City of London Corporation v Mcdonnell: EAT 1 Nov 2018

PRACTICE AND PROCEDURE – Postponement or stay
Following a Liability Hearing, the Respondents were found liable for unfair dismissal. They appealed against that finding to the Employment Appeal Tribunal (‘EAT’) and the appeal was allowed through the sift and directions given.
Following directions being given by the Employment Tribunal (‘ET’) on Remedies, the parties were given nine working days’ notice of a Remedies Hearing. The Respondents immediately applied for a postponement of the Remedies Hearing until after the hearing of the Appeal mainly on the grounds that counsel and the HR representative were not available for the scheduled Remedies Hearing.
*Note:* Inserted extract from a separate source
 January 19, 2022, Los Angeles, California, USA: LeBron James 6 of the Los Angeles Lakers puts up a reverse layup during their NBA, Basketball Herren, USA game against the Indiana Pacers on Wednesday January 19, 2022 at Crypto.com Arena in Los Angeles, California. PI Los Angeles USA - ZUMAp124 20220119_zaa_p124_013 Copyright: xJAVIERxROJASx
The Employment Judge (‘EJ’) simply responded by saying that he refused the application because the existence of the Appeal was not a sufficient ground for postponing a Remedies Hearing and that further delay was not in the interests of justice. The Respondents immediately applied for a reconsideration pointing out that the existence of the Appeal was not the primary ground for the application and reminding the EJ of counsel’s availability. The EJ responded in almost identical terms.
The Appeal was allowed: the EJ had either failed to engage with the application as he should have or had given inadequate reasons for his decision. The matter was remitted to the Regional EJ to decide in the light of all relevant matters when the Remedies Hearing should take place.